START Material provided
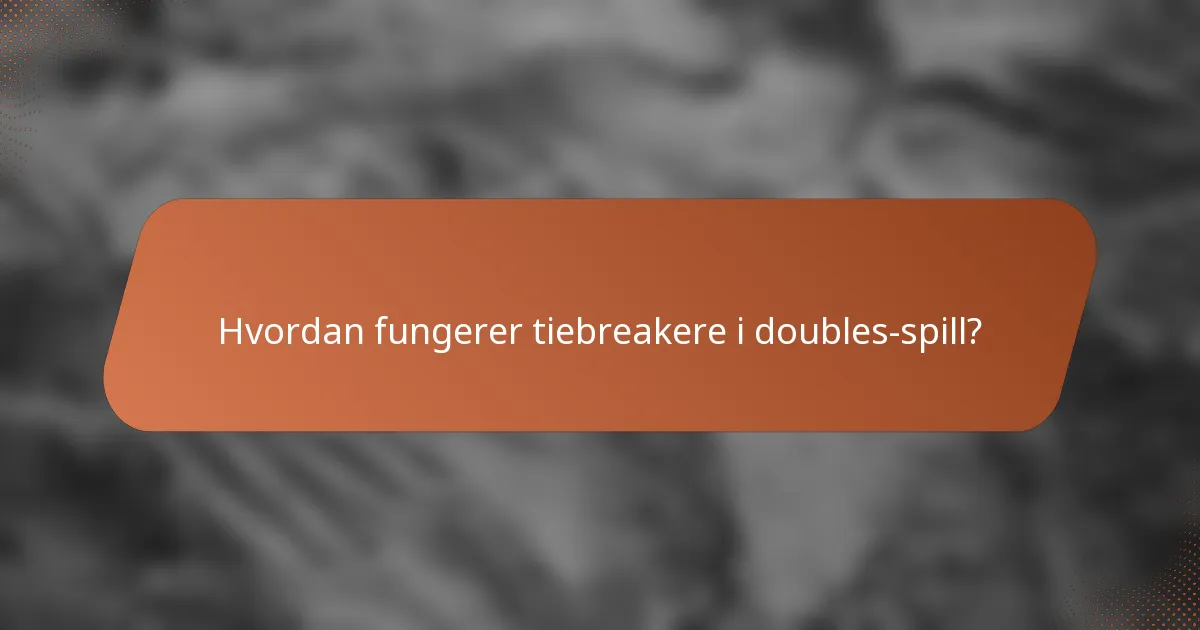 Hvordan fungerer tiebreakere i doubles-spill?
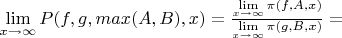 $\lim \limits_{x \to \infty} {P(f,g,max(A,B),x)}=\frac {\lim \limits_{x \to \infty} {\pi(f,A,x)}} {\lim \limits_{x \to \infty} {\pi(g,B,x)}}=$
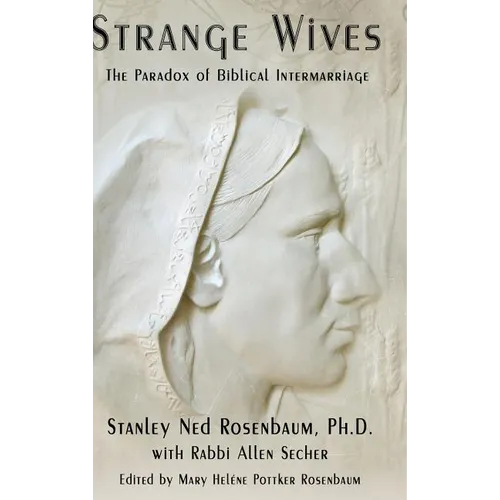 Strange Wives: The Paradox of Biblical Intermarriage - Hardcover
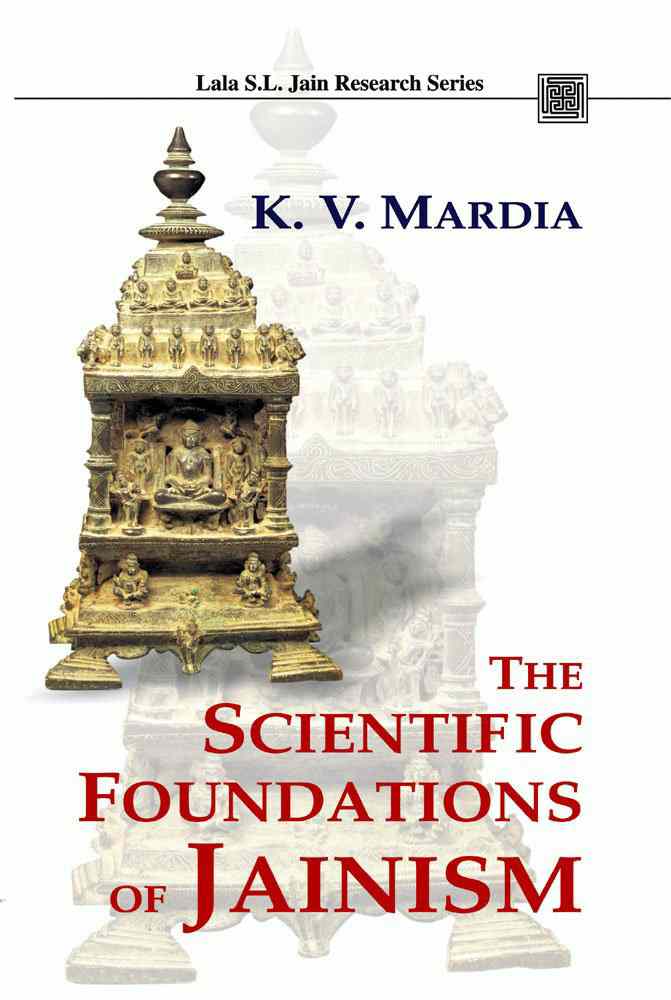 The Scientific Foundations Of Jainism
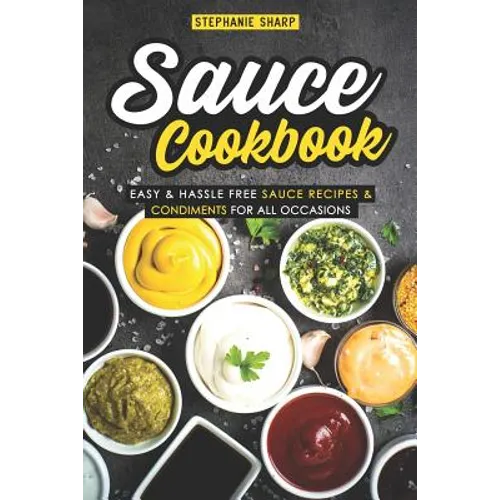 Sauce Cookbook: Easy & Hassle Free Sauce Recipes & Condiments for all Occasions - Paperback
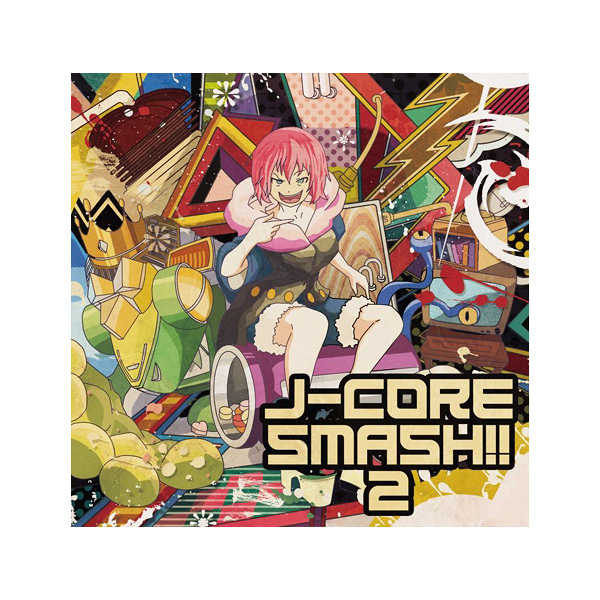 J-CORE SMASH!! 2 [9bit Log!Q+(StackStorm)] オリジナル
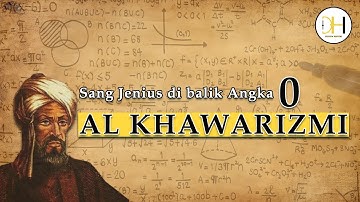 AL KHAWARIZMI: Sang Jenius di Balik Angka 0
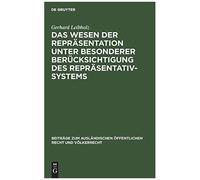 Das Wesen Der Repräsentation Unter Besonderer Berücksichtigung Des Repräsentativsystems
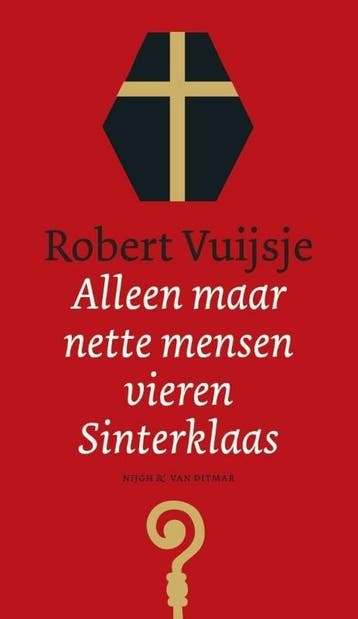 Alleen maar nette mensen vieren Sinterklaas (9789038802800), Verzenden, Nieuw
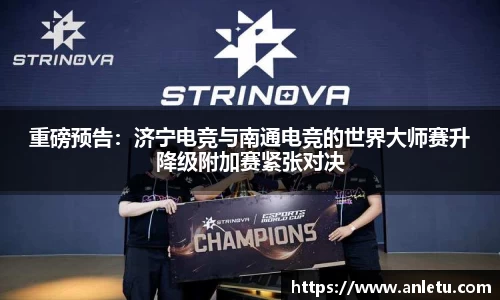 重磅预告：济宁电竞与南通电竞的世界大师赛升降级附加赛紧张对决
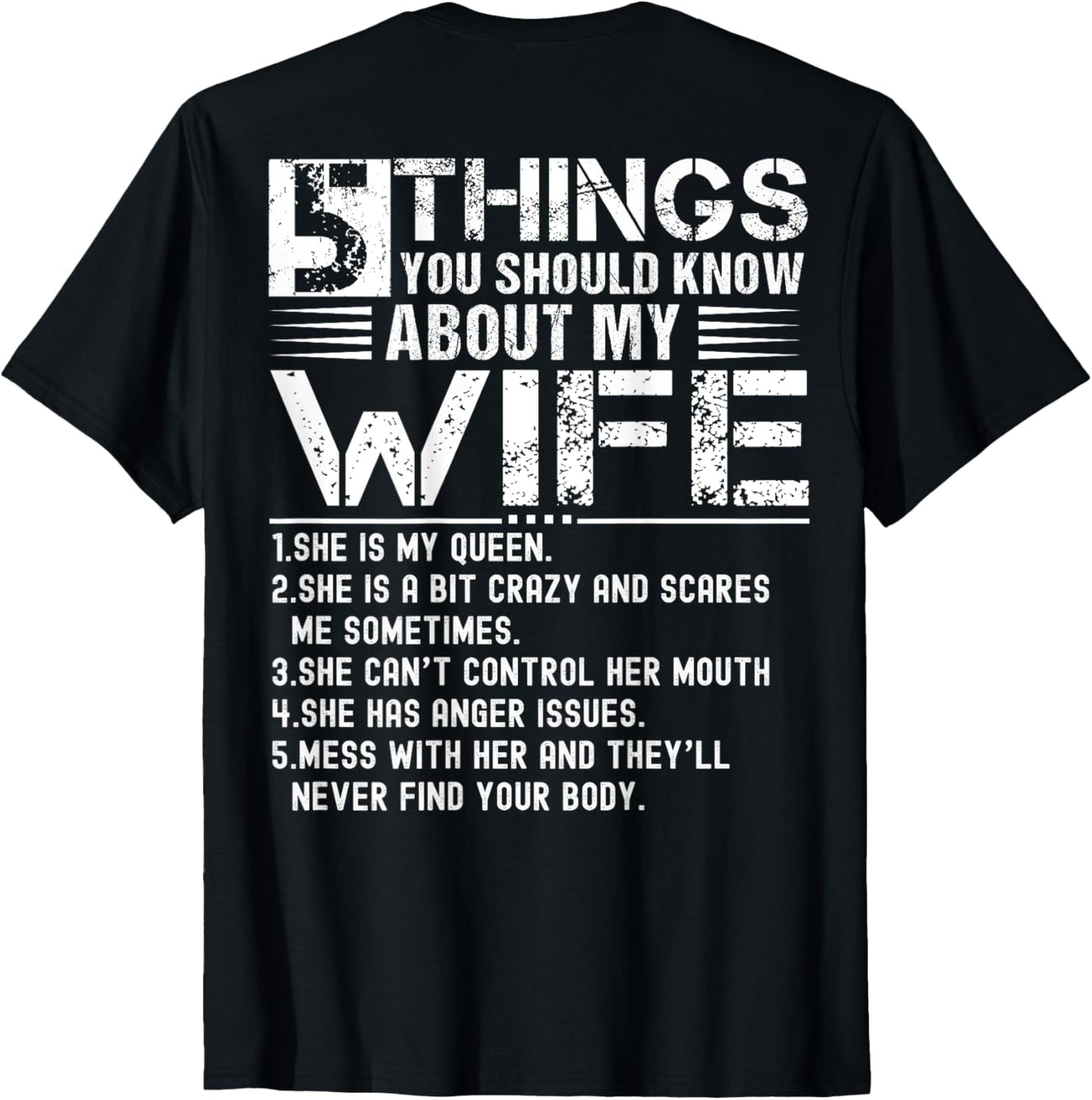 5 Things You Should Know About My Wife (On Back) husband T-Shirt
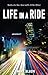 Life in a Ride: Stories of a Son, Actor and L.A. Uber Driver by 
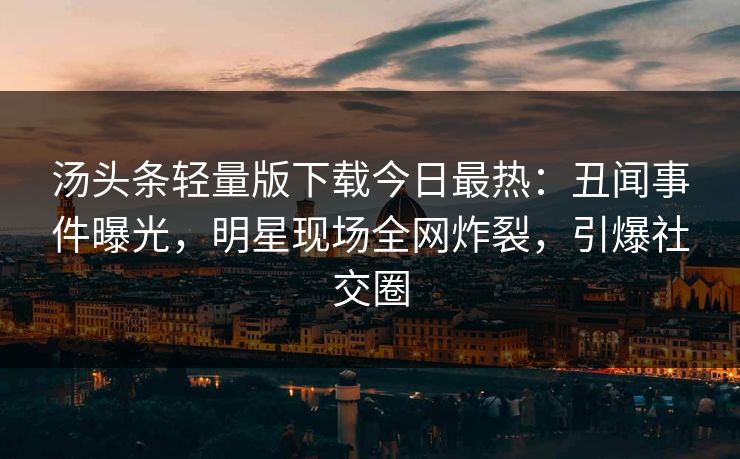 汤头条轻量版下载今日最热:丑闻事件曝光,明星现场全网炸裂,引爆社交圈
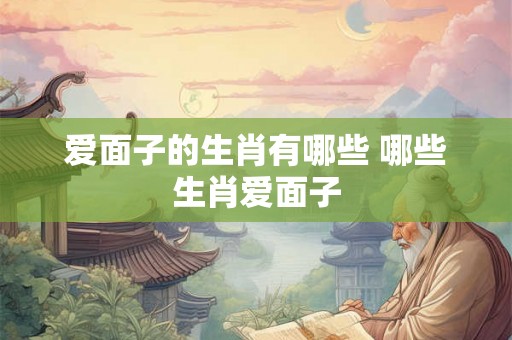 爱面子的生肖有哪些 哪些生肖爱面子 爱面子的生肖有哪些 哪些生肖爱面子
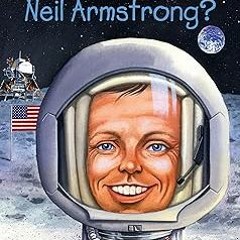 ~Read~[PDF] Who Was Neil Armstrong? - Roberta Edwards (Author),Who HQ (Author),Stephen Marchesi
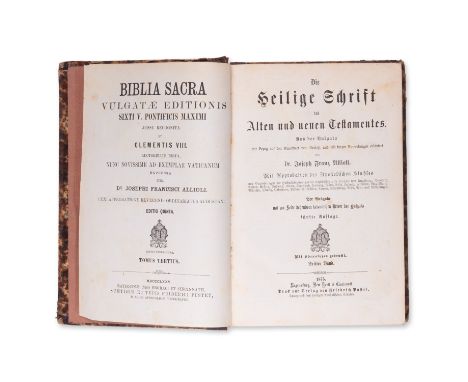 1875 | FULL ITEM TITLE: Die Heilige Schrift des Alten und Neuen Testamentes. Aus der Vulgata mit Bezug auf den Grundtext neu 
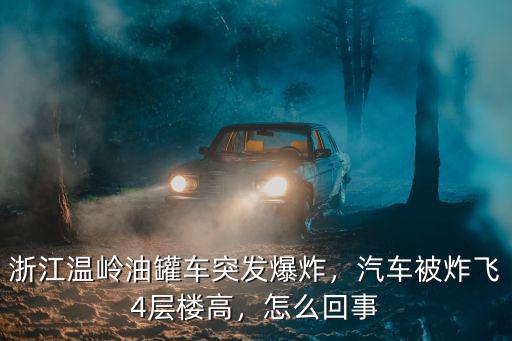 浙江溫嶺油罐車突發爆炸，汽車被炸飛4層樓高，怎么回事
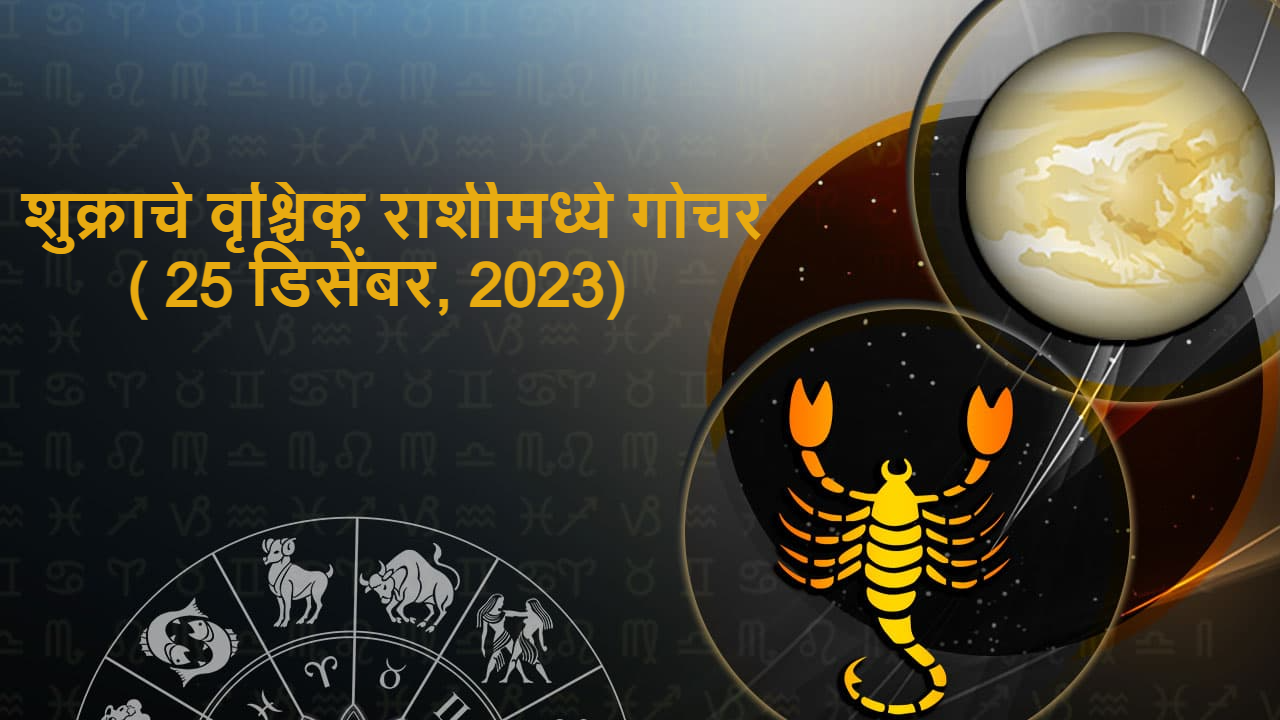 शुक्राचे वृश्चिक राशीमध्ये गोचर:(25 डिसेंबर, 2023)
END Material provided
Verbatim repeat, images removed: give each entry again exactly as it reads.

 Hvordan fungerer tiebreakere i doubles-spill?
 $\lim \limits_{x \to \infty} {P(f,g,max(A,B),x)}=\frac {\lim \limits_{x \to \infty} {\pi(f,A,x)}} {\lim \limits_{x \to \infty} {\pi(g,B,x)}}=$
 Strange Wives: The Paradox of Biblical Intermarriage - Hardcover
 The Scientific Foundations Of Jainism
 Sauce Cookbook: Easy & Hassle Free Sauce Recipes & Condiments for all Occasions - Paperback
 J-CORE SMASH!! 2 [9bit Log!Q+(StackStorm)] オリジナル
 AL KHAWARIZMI: Sang Jenius di Balik Angka 0
 Das Wesen Der Repräsentation Unter Besonderer Berücksichtigung Des Repräsentativsystems
 Alleen maar nette mensen vieren Sinterklaas (9789038802800), Verzenden, Nieuw
 重磅预告：济宁电竞与南通电竞的世界大师赛升降级附加赛紧张对决
 5 Things You Should Know About My Wife (On Back) husband T-Shirt
 Life in a Ride: Stories of a Son, Actor and L.A. Uber Driver by 
 汤头条轻量版下载今日最热:丑闻事件曝光,明星现场全网炸裂,引爆社交圈
 爱面子的生肖有哪些 哪些生肖爱面子 爱面子的生肖有哪些 哪些生肖爱面子
 ~Read~[PDF] Who Was Neil Armstrong? - Roberta Edwards (Author),Who HQ (Author),Stephen Marchesi
 1875 | FULL ITEM TITLE: Die Heilige Schrift des Alten und Neuen Testamentes. Aus der Vulgata mit Bezug auf den Grundtext neu 
 浙江溫嶺油罐車突發爆炸，汽車被炸飛4層樓高，怎么回事
 शुक्राचे वृश्चिक राशीमध्ये गोचर:(25 डिसेंबर, 2023)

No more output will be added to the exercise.